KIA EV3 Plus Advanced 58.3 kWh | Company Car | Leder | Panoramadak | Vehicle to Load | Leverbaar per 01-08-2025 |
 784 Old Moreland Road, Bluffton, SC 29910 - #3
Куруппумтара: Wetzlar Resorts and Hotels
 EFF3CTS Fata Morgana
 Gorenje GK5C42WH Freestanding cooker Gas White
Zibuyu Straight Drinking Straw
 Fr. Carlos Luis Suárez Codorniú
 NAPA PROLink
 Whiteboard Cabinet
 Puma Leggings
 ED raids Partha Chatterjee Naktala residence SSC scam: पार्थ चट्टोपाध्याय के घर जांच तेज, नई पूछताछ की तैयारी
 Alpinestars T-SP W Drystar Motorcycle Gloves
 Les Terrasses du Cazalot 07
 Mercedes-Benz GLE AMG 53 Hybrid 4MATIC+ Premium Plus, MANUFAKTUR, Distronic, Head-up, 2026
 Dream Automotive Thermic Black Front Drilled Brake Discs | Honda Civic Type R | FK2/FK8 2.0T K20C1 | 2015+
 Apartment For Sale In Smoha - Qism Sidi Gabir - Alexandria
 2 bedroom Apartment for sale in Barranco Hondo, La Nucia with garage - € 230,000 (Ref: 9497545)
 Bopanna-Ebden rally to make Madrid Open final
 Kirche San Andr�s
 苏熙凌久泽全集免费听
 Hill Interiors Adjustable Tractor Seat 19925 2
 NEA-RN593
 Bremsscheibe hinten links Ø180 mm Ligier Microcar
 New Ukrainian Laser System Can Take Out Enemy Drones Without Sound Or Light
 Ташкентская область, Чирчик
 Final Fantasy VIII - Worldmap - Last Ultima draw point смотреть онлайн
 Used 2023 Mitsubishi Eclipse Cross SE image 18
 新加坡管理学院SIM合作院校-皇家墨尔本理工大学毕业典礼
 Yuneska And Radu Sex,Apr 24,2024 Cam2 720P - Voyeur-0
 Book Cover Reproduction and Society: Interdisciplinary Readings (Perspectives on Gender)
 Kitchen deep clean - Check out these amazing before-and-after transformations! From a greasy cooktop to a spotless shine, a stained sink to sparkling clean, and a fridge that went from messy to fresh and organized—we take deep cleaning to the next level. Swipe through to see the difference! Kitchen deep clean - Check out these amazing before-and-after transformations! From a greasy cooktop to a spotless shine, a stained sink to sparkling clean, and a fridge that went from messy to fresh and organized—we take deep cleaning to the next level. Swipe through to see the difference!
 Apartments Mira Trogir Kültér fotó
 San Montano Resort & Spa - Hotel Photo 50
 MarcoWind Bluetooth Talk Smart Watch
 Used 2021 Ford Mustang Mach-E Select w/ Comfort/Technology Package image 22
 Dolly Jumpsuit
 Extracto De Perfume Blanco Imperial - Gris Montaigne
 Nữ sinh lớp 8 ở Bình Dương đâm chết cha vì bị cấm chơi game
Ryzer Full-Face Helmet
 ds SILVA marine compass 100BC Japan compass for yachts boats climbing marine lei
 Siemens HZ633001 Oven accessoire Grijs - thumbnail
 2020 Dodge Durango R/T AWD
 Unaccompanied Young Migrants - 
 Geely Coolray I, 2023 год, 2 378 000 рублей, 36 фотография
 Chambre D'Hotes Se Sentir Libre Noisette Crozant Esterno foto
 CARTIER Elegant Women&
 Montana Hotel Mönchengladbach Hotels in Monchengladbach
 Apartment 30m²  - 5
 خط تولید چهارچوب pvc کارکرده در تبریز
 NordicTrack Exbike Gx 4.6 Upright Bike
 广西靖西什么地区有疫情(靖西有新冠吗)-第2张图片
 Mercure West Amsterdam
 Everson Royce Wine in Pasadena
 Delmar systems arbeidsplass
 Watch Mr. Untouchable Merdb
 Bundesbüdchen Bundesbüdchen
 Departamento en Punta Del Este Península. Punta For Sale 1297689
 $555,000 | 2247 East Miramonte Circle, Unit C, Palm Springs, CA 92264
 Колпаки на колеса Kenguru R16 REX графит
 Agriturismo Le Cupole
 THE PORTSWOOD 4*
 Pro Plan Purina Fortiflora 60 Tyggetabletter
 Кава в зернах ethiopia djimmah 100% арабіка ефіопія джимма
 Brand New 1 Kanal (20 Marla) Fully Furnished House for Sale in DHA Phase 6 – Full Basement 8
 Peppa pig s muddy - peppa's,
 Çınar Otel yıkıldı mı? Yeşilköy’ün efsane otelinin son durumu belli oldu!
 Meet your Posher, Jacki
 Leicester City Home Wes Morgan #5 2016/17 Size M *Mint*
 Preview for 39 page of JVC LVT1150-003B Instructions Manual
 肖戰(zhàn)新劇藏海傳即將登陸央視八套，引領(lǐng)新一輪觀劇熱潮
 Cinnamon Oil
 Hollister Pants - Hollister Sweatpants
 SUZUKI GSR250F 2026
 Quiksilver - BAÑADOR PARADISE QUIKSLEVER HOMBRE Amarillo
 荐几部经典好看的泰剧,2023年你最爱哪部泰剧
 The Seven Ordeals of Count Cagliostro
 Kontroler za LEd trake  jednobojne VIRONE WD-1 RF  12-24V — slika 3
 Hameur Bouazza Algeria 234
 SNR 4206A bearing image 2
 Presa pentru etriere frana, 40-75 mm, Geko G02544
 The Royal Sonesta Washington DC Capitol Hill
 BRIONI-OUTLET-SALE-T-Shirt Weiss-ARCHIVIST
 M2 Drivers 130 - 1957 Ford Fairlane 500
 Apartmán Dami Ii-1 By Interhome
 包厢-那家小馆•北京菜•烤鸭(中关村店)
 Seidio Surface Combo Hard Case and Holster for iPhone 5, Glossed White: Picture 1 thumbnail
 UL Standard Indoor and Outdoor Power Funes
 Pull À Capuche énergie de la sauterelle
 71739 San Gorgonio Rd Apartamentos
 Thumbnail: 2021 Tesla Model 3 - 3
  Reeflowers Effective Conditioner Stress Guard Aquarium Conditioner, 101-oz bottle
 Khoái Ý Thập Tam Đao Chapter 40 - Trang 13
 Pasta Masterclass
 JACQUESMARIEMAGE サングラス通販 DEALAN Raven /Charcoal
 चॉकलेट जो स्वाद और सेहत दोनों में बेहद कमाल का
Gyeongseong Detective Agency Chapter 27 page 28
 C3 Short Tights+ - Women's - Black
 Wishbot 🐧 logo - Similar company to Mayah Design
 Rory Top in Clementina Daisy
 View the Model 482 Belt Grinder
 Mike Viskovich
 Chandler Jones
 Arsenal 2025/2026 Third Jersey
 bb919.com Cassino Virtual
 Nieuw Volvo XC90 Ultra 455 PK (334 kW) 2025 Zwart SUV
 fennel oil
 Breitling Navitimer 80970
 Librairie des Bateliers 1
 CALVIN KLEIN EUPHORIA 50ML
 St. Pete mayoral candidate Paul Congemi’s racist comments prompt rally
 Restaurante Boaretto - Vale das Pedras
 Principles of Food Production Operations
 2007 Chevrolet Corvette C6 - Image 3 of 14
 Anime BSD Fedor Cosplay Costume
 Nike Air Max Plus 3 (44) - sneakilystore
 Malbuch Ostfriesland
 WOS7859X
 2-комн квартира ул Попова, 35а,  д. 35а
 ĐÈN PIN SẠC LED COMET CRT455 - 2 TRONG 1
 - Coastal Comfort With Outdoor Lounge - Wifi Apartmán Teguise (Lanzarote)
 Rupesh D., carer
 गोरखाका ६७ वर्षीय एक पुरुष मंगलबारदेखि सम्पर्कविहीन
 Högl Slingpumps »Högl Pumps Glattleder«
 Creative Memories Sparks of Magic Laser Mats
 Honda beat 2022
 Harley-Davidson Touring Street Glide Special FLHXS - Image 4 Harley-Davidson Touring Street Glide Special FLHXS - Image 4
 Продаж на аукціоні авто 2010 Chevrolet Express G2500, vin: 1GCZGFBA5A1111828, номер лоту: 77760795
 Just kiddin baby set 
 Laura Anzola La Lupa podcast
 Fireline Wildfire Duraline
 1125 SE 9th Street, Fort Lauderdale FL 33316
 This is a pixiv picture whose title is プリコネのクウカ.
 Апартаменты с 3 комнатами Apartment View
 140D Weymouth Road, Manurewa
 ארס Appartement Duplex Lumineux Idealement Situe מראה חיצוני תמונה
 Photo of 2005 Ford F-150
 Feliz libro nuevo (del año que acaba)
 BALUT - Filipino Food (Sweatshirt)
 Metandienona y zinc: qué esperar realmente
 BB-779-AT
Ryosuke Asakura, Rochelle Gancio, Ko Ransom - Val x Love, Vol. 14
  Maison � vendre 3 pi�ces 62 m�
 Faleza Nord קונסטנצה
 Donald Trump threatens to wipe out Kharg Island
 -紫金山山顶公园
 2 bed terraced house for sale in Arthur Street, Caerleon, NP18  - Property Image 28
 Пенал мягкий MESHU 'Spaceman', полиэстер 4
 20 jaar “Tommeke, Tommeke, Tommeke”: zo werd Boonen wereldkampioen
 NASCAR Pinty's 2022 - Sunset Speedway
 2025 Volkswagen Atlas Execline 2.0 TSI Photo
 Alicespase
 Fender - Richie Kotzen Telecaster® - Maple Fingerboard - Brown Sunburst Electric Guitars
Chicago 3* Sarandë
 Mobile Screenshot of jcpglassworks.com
..............................
** REQUIRED ACTION **
Among the records above, only the lines between the line holding "JACQUESMARIEMAGE サングラス通販 DEALAN" and the line holding "CALVIN KLEIN EUPHORIA 50ML", inclusive, are to be output, exactly as written.

** ANSWER FOR THE TASK **
 JACQUESMARIEMAGE サングラス通販 DEALAN Raven /Charcoal
 चॉकलेट जो स्वाद और सेहत दोनों में बेहद कमाल का
Gyeongseong Detective Agency Chapter 27 page 28
 C3 Short Tights+ - Women's - Black
 Wishbot 🐧 logo - Similar company to Mayah Design
 Rory Top in Clementina Daisy
 View the Model 482 Belt Grinder
 Mike Viskovich
 Chandler Jones
 Arsenal 2025/2026 Third Jersey
 bb919.com Cassino Virtual
 Nieuw Volvo XC90 Ultra 455 PK (334 kW) 2025 Zwart SUV
 fennel oil
 Breitling Navitimer 80970
 Librairie des Bateliers 1
 CALVIN KLEIN EUPHORIA 50ML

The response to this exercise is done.